To be successful as a real estate agent today, you have to be able to cater to myriad demographics, particularly millennials, the largest generational cohort since the Baby Boomers.
Reaching this block of buyers requires a different mindset.
Over the months, there have been a number of articles discussing the best ways for agents and mortgage professional reach the millennial market. Many of those have focused on utilizing technology and social media.
However, there isn’t a lot of specific messaging geared toward this growing market, which demonstrates the gap between millennials and the real estate industry as a whole.
Are millennials unrealistic in their expectations – in both thinking that the market will come to them when they’re ready or giving up the idea of homeownership altogether? Or, are real estate and mortgage professionals simply not approaching and talking to millennials in a way that makes sense to them?
According to a 2017 homebuyer Insights Report from Bank of America, millennials are ready to homes.
“If there’s one thing to take away from our report this year, it’s that forward-thinking millennials are buying homes – and they’re happy with their choice,” the report said. “This growing group of millennials is seeing the value of getting into a home. In fact, nearly 80 percent who bought homes report that homeownership has had a positive long-term impact on their financial picture. Clearly, the millennial generation is coming of age and realizing it might not make sense to wait anymore to purchase their first home.”
Millennials make up 42 percent of first-time homebuyers, the largest group of any generation. According to a report by Apartmentlist, 80 percent of millennials said they would like to buy a home one day, but just 55 percent think they can actually afford to buy one.
And a key question for agents to pinpoint is just what are millennials willing to give up to move into homeownership.
When working with millennials, can you convince them that paying off their car and not trading it in for a new one is the smart move if they want to buy a home? Possibly.
This assumes that they have a car they can pay off and not a lease, which is a greater possibility.
Further, it assumes that millennials will act in a way that is opposite their nature for the sake of becoming a homeowner.

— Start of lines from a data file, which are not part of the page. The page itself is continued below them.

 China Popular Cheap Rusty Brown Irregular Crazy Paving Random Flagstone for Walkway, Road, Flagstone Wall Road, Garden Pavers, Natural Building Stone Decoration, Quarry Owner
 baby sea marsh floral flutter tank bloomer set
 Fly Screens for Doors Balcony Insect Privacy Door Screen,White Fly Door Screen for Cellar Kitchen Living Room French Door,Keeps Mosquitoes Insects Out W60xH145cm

“Younger buyers in particular are more likely to view cars as technology that needs to be continually upgraded,” Jessica Caldwell, executive director of strategic analytics at Edmunds.com told the Dallas Morning News.
This is where mortgage options come into play. So much of working with buyers today, and, especially millennials, is about being creative, which is why there are so many other loans out there worthy of investigation.

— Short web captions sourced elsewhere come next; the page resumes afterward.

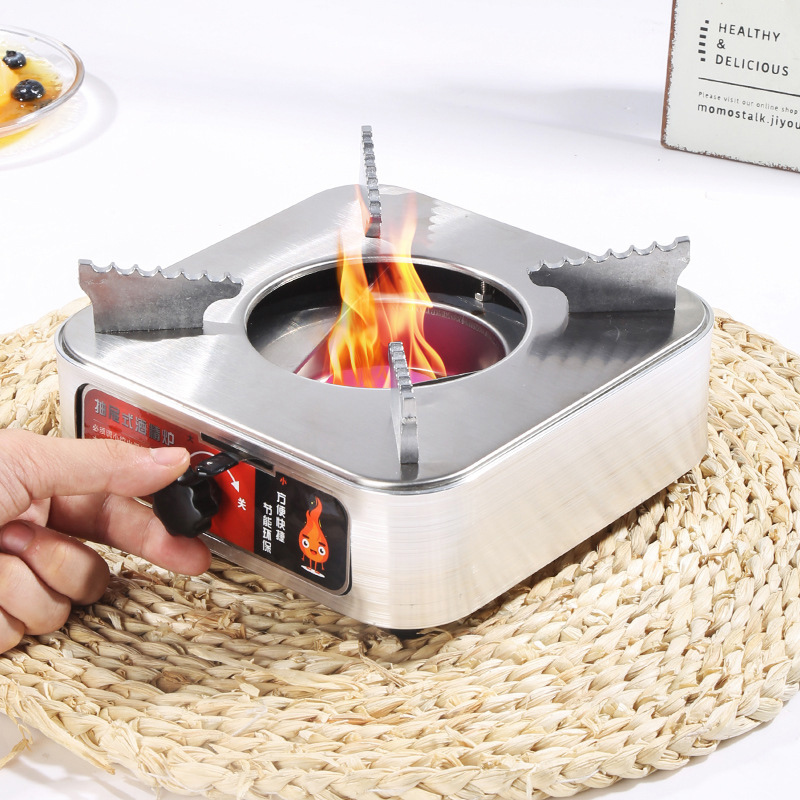 Stainless Steel Drawer Type Alcohol Stove,Square Dry Pot Base For  Restaurant - 图片 2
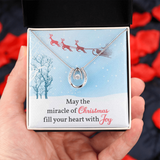 Merry Christmas Lucky in Love Necklace Message Card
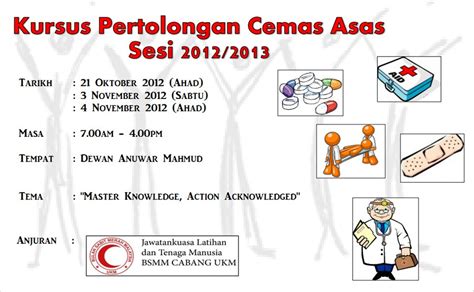 Ficha online de mengenalpasti kegunaan alatan pertolongan cemas para ppki. BSMMCUKM: Kursus Pertolongan Cemas Asas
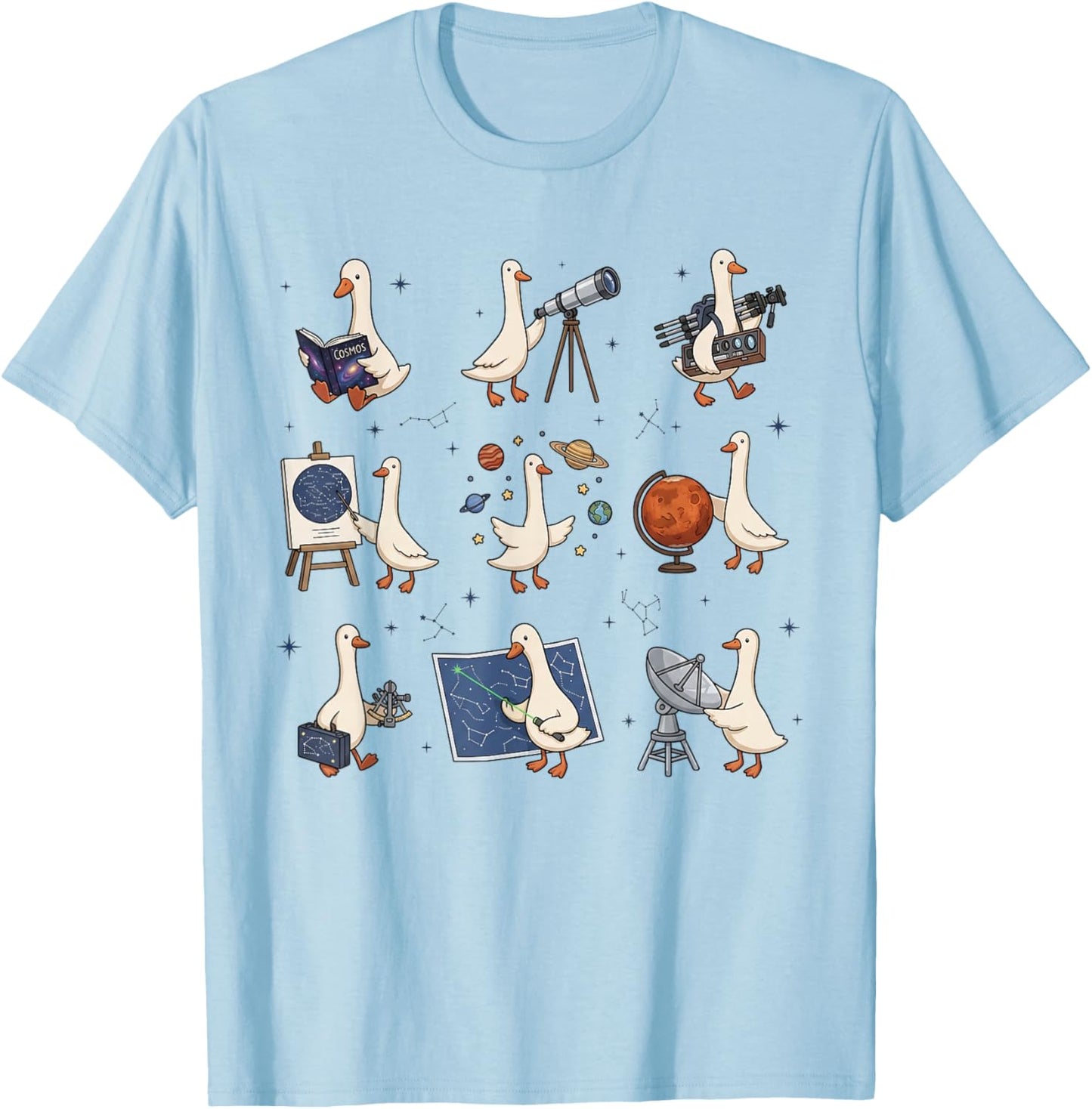 Silly Goose Astronomy Shirt Funny Space Science Astronomer T-Shirt - T-Shirt | Light Blue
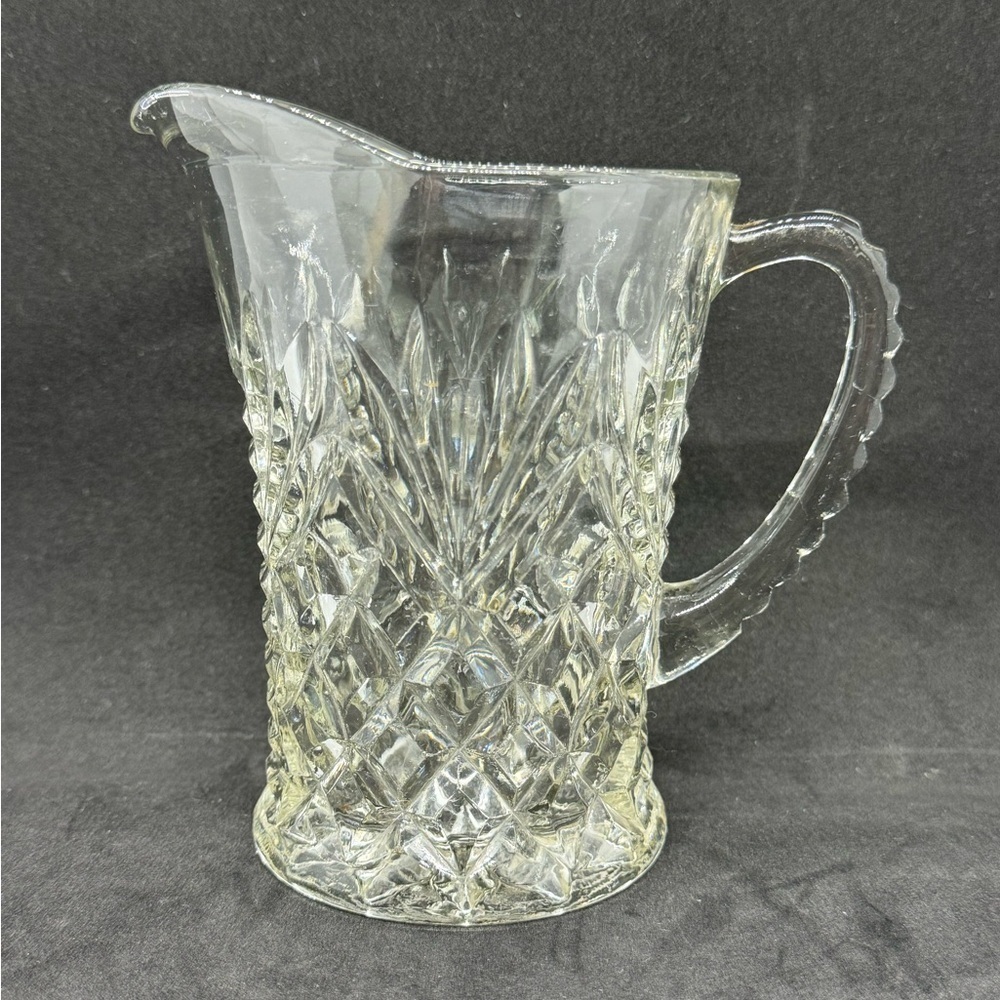 Vintage Anchor Hocking Prescut Pineapple Clear Glass Creamer Small Pitcher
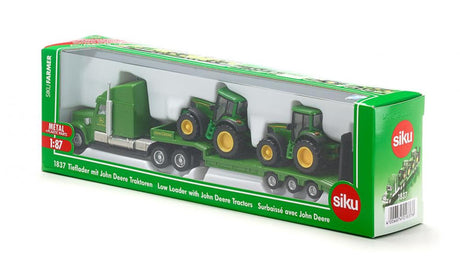 Siku 1837 Tieflader mit John Deere Traktoren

From FHA loans, which would allow millennials to put down just 3.5 percent with more lenient credit scores than many conventional loans, there also are Fannie and Freddie loans out there that require just 3 percent down.
Specially branded mortgages with a minimum of 3 percent down also are attractive. Special deals also are drawing in millennials.
Chase’s DreaMaker mortgage is directed at low-to-moderate income buyers, as well as those with less-than-perfect credit.
Lennar also just introduced a new loan program through its subsidiary called the Eagle Home Mortgage’s Student Loan Debt Mortgage Program in which borrowers “can direct up to 3 percent of the purchase price to pay their student loans when they buy a new home from Lennar,” according to the builder’s news release. That could mean getting rid of $13,000 in student loans.
For agents working with millennials, that can be an attractive option to be able to discuss.